What is wanted is every line below from the one with "Poignée GX35, Pour" up to and including the one with "Pearle Opticiens s-Gravenzande", retyped exactly, pictures excluded, nothing else.

START The records

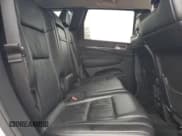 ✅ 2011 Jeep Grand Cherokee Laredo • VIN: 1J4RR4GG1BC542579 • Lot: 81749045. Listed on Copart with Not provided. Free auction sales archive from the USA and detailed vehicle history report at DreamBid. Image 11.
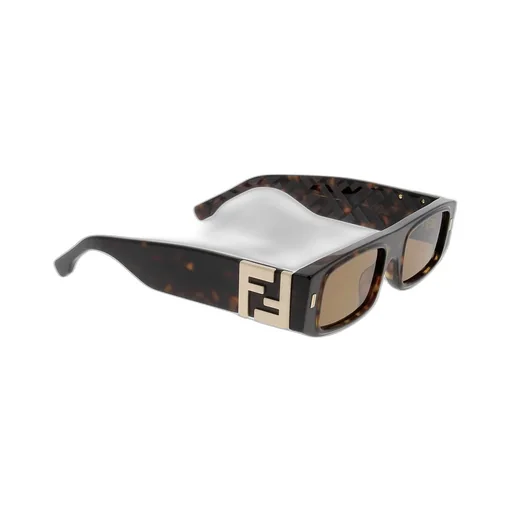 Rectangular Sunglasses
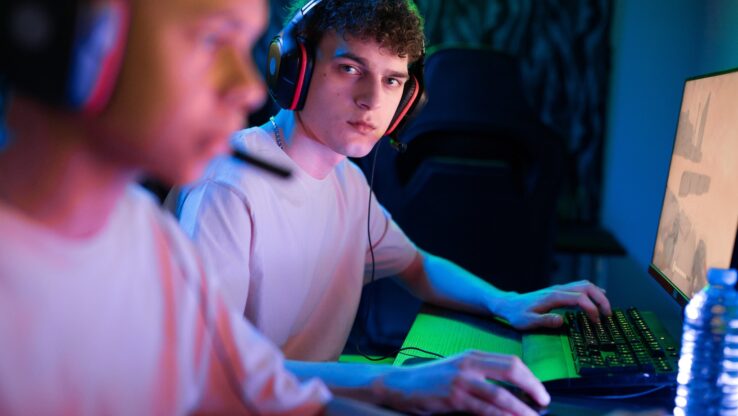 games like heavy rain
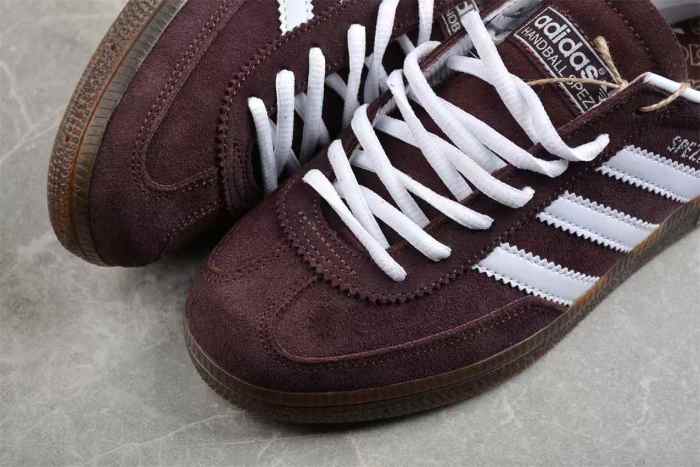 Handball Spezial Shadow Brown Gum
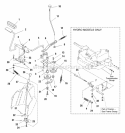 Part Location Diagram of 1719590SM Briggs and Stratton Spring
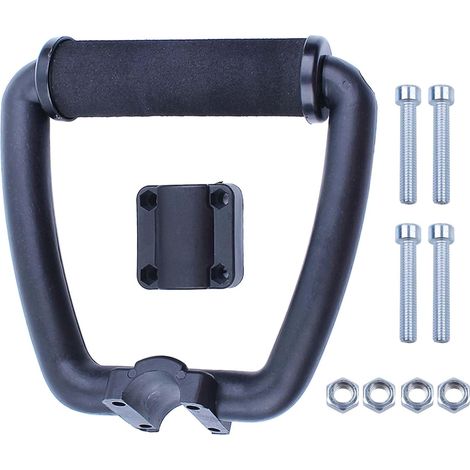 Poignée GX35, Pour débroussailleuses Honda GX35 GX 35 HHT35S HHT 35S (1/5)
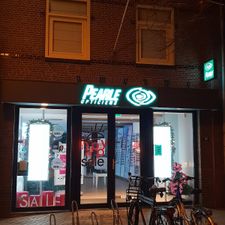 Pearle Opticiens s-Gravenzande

END The records
START The records

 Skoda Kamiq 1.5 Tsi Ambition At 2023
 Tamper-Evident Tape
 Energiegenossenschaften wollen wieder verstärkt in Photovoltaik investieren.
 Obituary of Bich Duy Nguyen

END The records

- [Your solution]
 Poignée GX35, Pour débroussailleuses Honda GX35 GX 35 HHT35S HHT 35S (1/5)
 Pearle Opticiens s-Gravenzande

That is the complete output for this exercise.